Melansir The Times of Israel, dengan begitu, Iran berharap AS akan segera mengakhiri sanksi kepada negara itu maksimal pada 21 Februari, jika tidak, sikap pemerintah Iran akan "mengeras" sesudah tanggal tersebut.
Dalam wawancara dengan media Iran Hamshahri, Menteri Luar Negeri Iran Mohammad Javad Zarif mengatakan undang-undang parlemen baru-baru ini memaksa pemerintah untuk memperkuat pendiriannya terhadap AS jika sanksi tidak dikurangi dalam 2 pekan, lapor Reuters.
Baca juga: Menlu AS Bahas Kesepakatan Nuklir Iran dengan Inggris, Perancis dan Jerman
Sebelumnya pada Desember, Parlemen Iran yang dipimpin kelompok garis keras mengesahkan undang-undang yang menetapkan batas waktu 2 bulan untuk pelonggaran sanksi.
"Waktu hampir habis untuk orang Amerika, karena adanya RUU parlemen dan suasana pemilihan yang akan mengikuti Tahun Baru Iran," kata Zarif.
Tahun Baru Iran dimulai 21 Maret.
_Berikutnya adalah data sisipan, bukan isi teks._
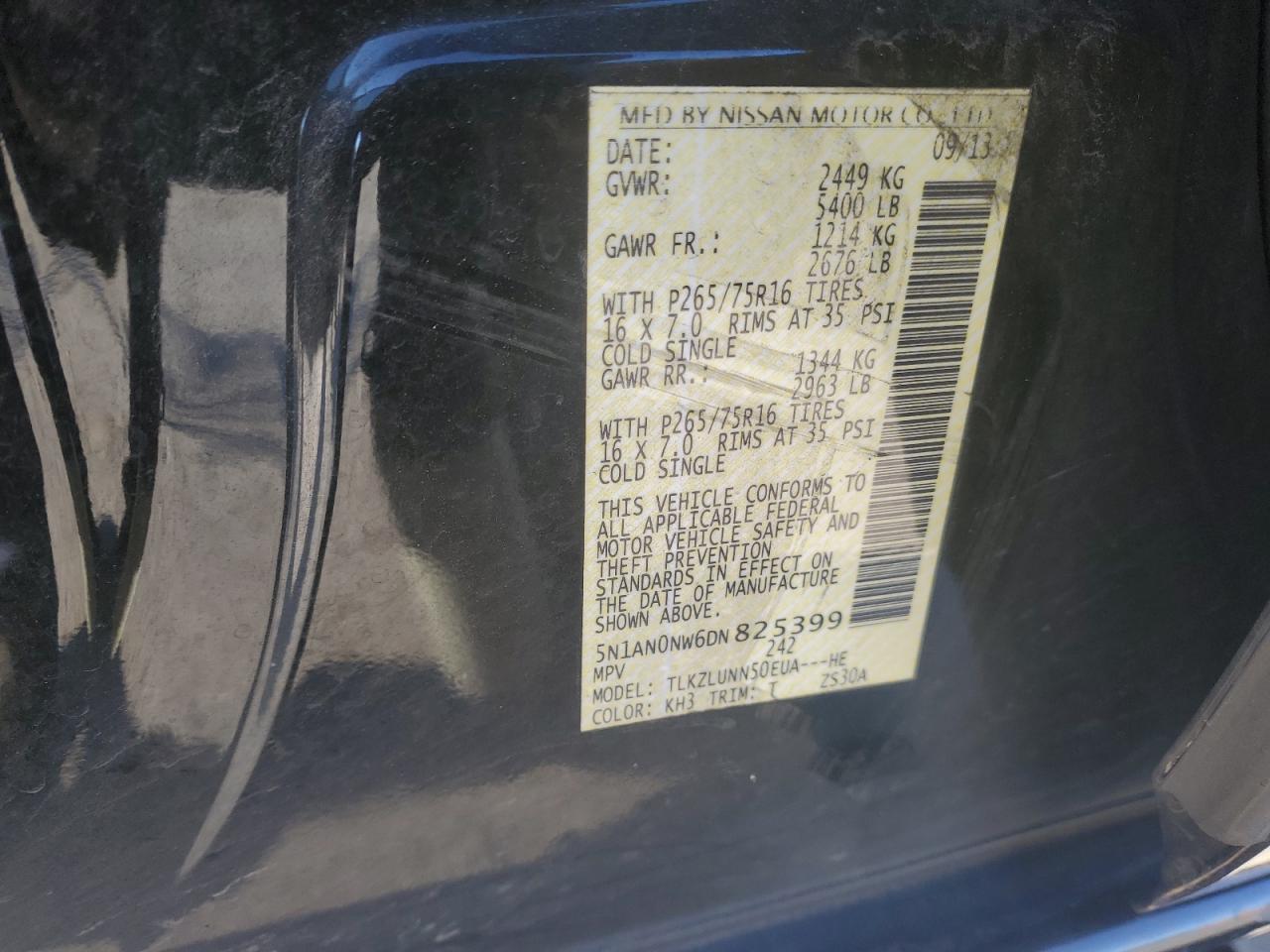 2013 Nissan Xterra X VIN: 5N1AN0NW6DN825399 Lot: 84597824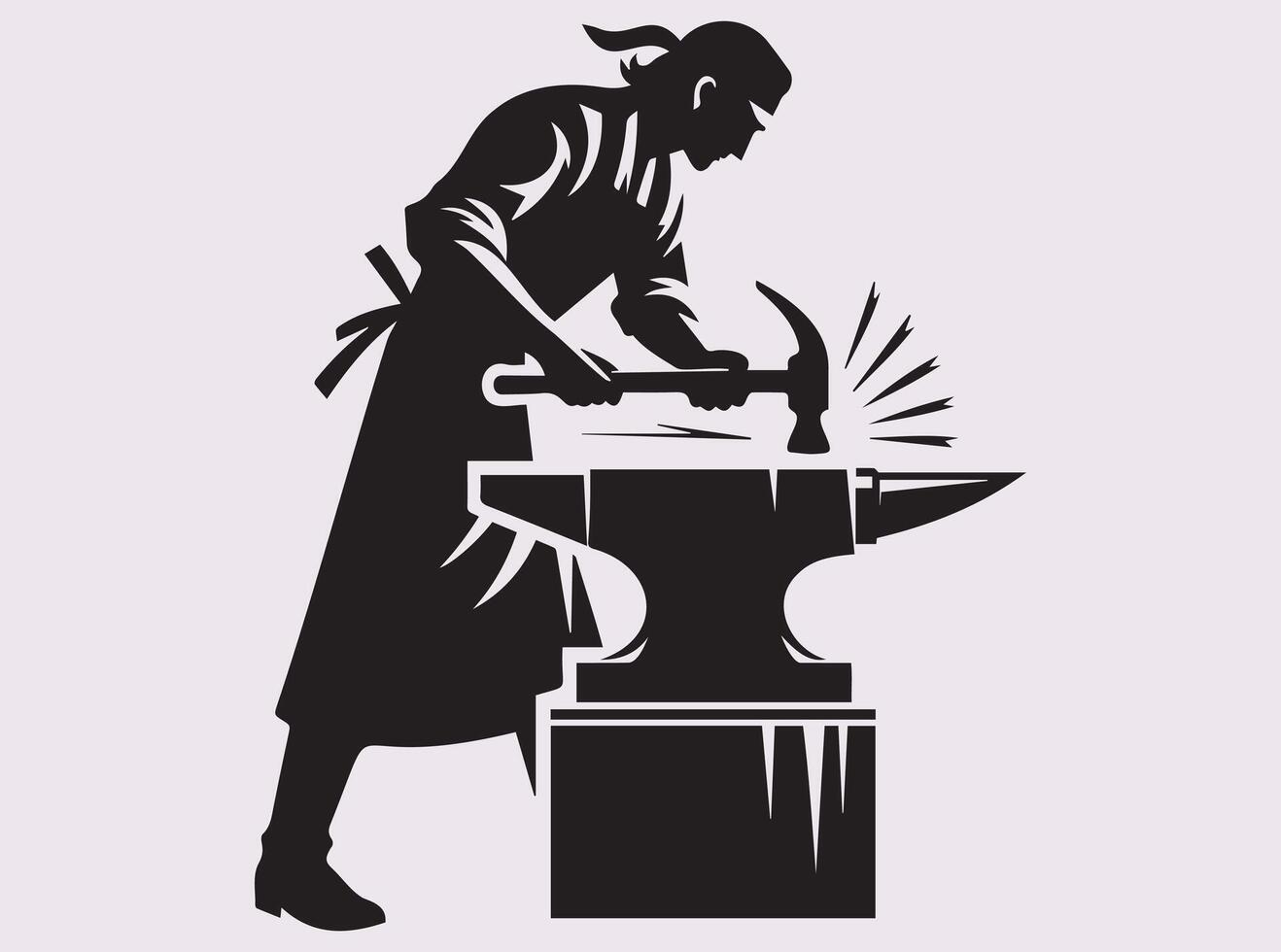 Blacksmith Silhouette Symbolizing Strength and Craftsmanship in Metal Forging vector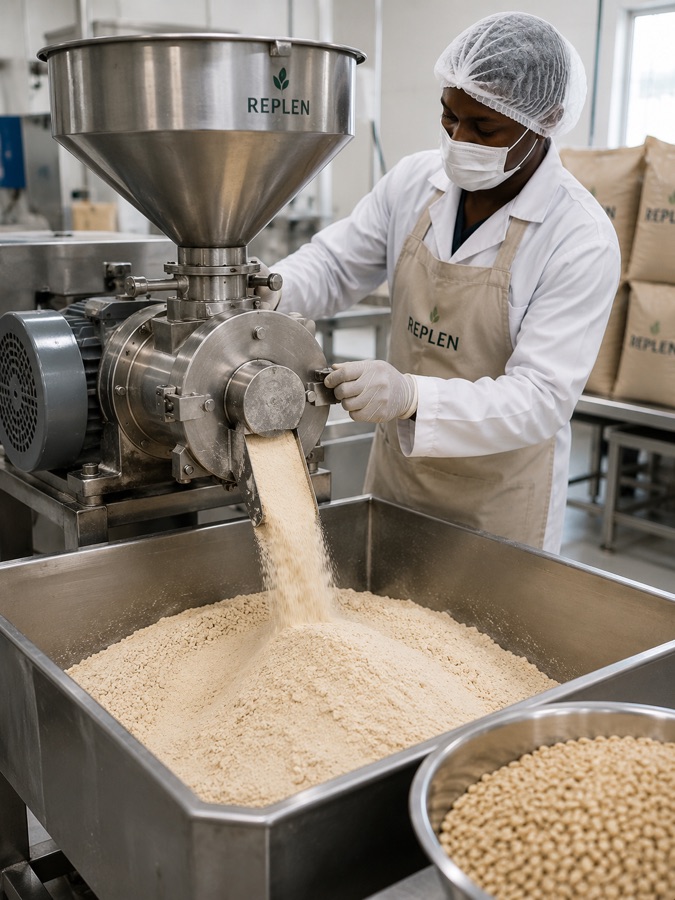 Replen team member grinding ingredients into powder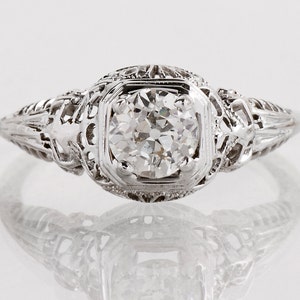 Antique Engagement Ring - Antique Edwardian 18k White Gold Diamond Engagement Ring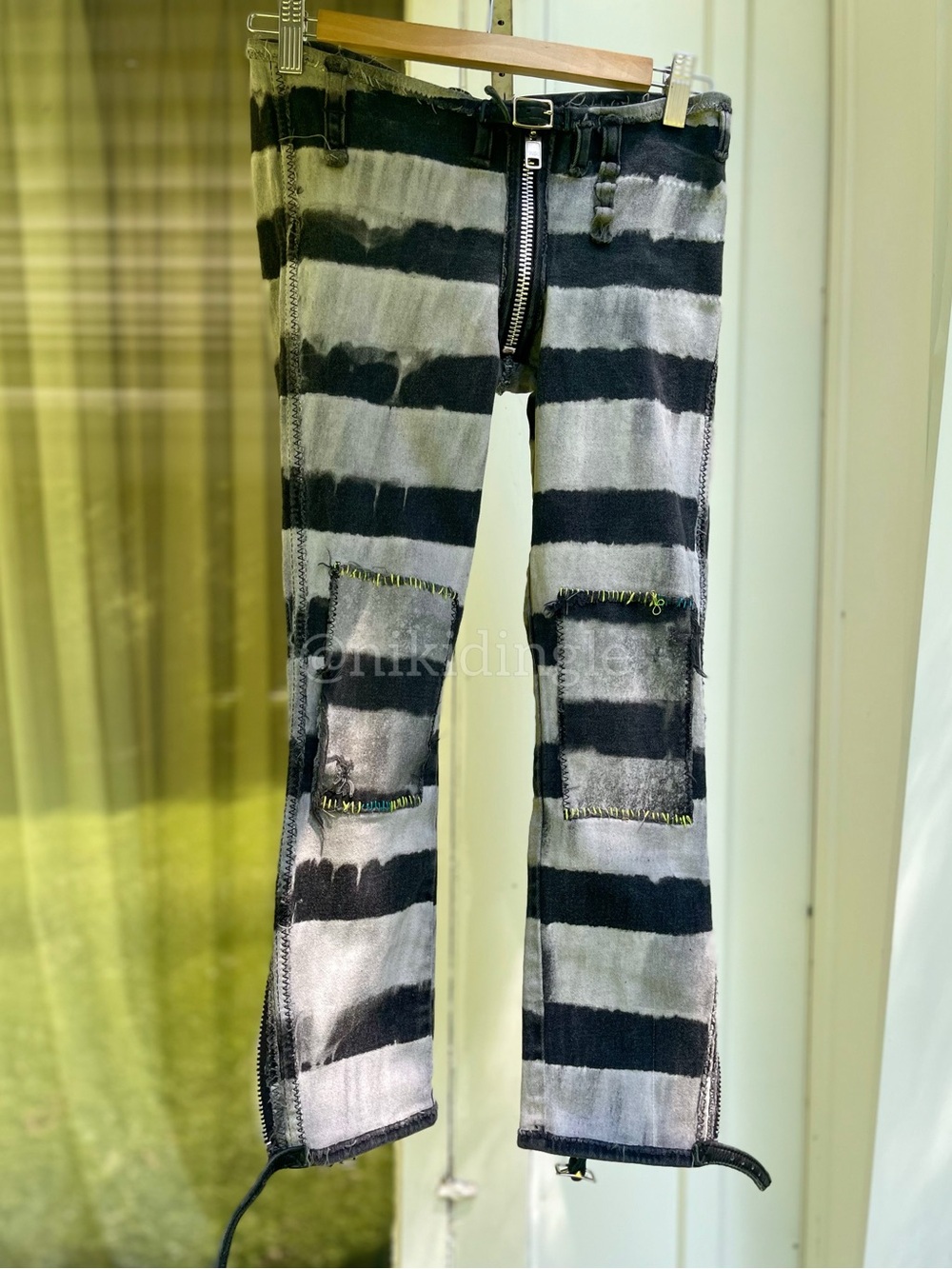 Iconic Agatha NYC Custom Skinny Jeans Leather Patch Punk Rock Buckle Striped 26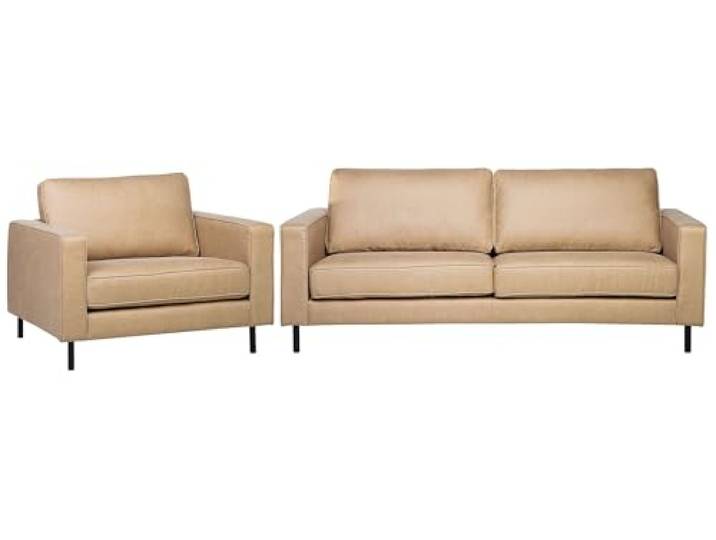 Beliani Wohnzimmer Set Sofa Sessel Lederoptik Moderne Wohnzimmermöbel in Beige Savalen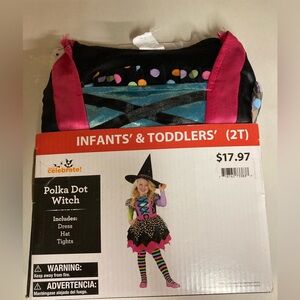 Colorful Toddler Witch Costume polka dot witch costume 2T nwt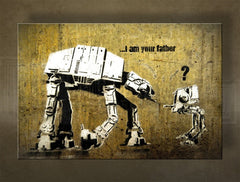 Класична слика на платно со мотив Street ART – Banksy, пејзаж, море и плажа во виолетово-сино нијанси, семејство, погоден за дневна соба | Слика на платно Street ART – Banksy – главна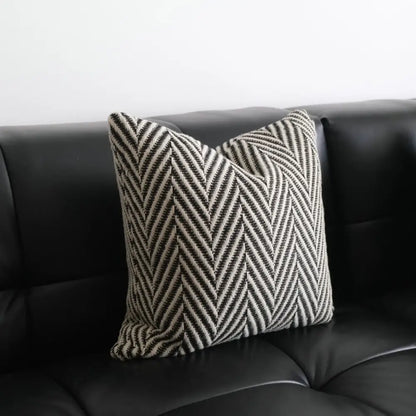 Decorbites chic pillow black and white herringbone knit pillow cover set for modern minimalist home decor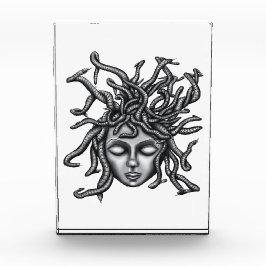 Medusa-Statue, griechische Skulptur, Mythologie Fotoblock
Zarif juga menunjuk pemilihan presiden yang akan datang di Iran pada bulan Juni.
Baca juga: Ketegangan dengan Iran Mereda, AS Tarik Kapal Induk dari Timur Tengah
Jika seorang presiden garis keras terpilih, hal itu dapat membahayakan kesepakatan lebih lanjut, dia tampaknya telah memperingatkan AS dalam wawancara tersebut.
"Semakin Amerika menunda-nunda, semakin banyak kerugiannya... tampaknya pemerintahan Biden tidak ingin melepaskan diri dari warisan Trump yang gagal," kata Zarif dalam wawancara yang dikutip oleh Reuters.
Menurutnya, bukan Iran yang harusnya kembali ke meja perundingan melainkan AS. Sementara dari pihak AS sendiri, pada Januari lalu, Juru bicara Departemen Luar Negeri AS Ned Price mengatakan bahwa Biden telah sangat jelas terkait hal tersebut.
Baca juga: AS Kembali ke Kesepakatan Nuklir Bukanlah Prioritas Iran, tapi...
"Jika Iran kembali memenuhi kewajibannya berdasarkan kesepakatan, AS akan melakukan hal yang sama," pernyataan itu mengacu pada permintaan AS agar Iran lebih dulu menaati kesepakatan nuklir barulah AS akan kembali ke meja perundingan.
Karena, menurut Menteri Luar Negeri AS Antony Blinken pada Minggu lalu, Iran saat ini masih beberapa bulan lagi untuk dapat menghasilkan bahan yang cukup dalam membuat senjata nuklir.
Dan, katanya, jangka waktu itu dapat dikurangi menjadi "hitungan minggu" jika Teheran lebih jauh melanggar pembatasan yang disepakati di bawah kesepakatan nuklir 2015 dengan kekuatan dunia.
Baca juga: Iran Tolak Persyaratan Joe Biden untuk Capai Kesepakatan Nuklir
Bulan lalu, Teheran mengumumkan mulai memperkaya uranium hingga 20 persen, angkanya jauh melampaui 3,5 persen yang diizinkan berdasarkan kesepakatan nuklir, dan langkah teknis yang relatif kecil dari 90 persen yang dibutuhkan untuk senjata nuklir.
Iran juga mengatakan sedang memulai penelitian logam uranium, bahan yang secara teknis memiliki kegunaan sipil tetapi dipandang sebagai kemungkinan langkah lain menuju bom nuklir.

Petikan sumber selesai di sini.